(Items listed in a dataset)
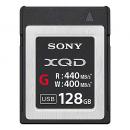 【QD-G128E】 SONY XQDメモリーカード Gシリーズ 128GB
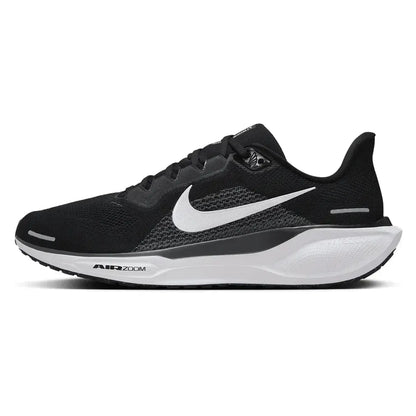 Men's Pegasus 41 Running Shoes Black and White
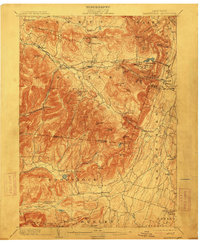 Download a high-resolution, GPS-compatible USGS topo map for Kaaterskill, NY (1913 edition)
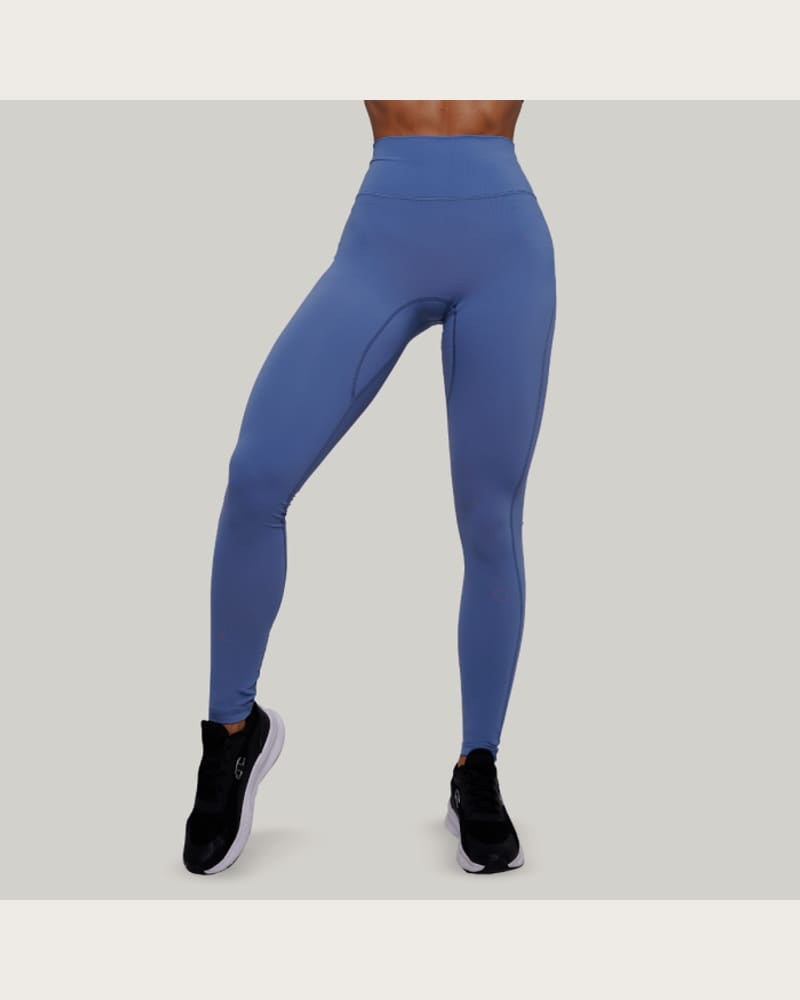 GymBeam Dámske legíny FIT Steel Blue XXLXXL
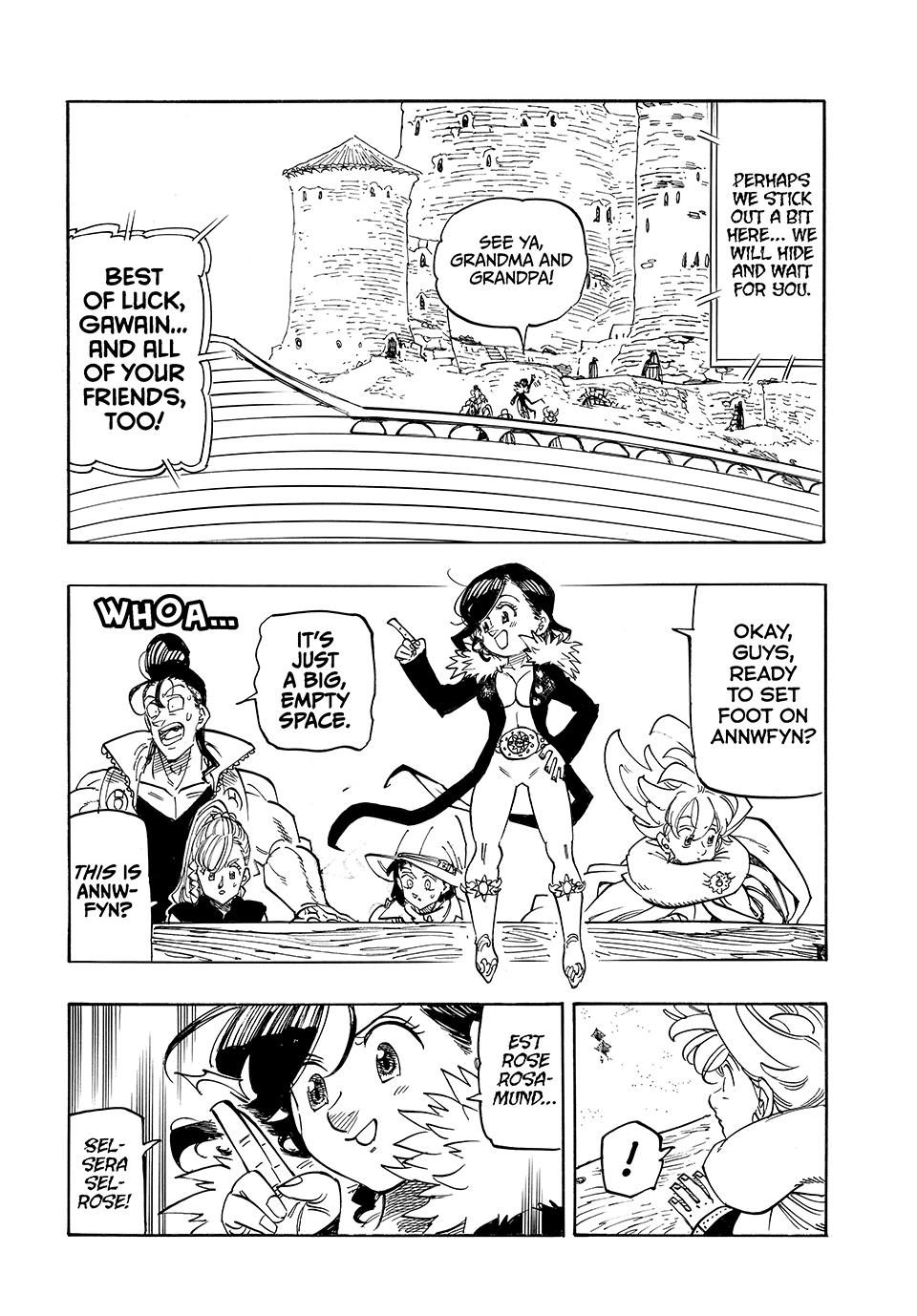 The Seven Deadly Sins: Four Knights of the Apocalypse chapter 161 page 7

What you have to do
Retype each entry exactly as it appears, excluding any image.

Answer to the problem
 【QD-G128E】 SONY XQDメモリーカード Gシリーズ 128GB
 Men's Pegasus 41 Running Shoes Black and White
 Download a high-resolution, GPS-compatible USGS topo map for Kaaterskill, NY (1913 edition)
 GymBeam Dámske legíny FIT Steel Blue XXLXXL
 The Seven Deadly Sins: Four Knights of the Apocalypse chapter 161 page 7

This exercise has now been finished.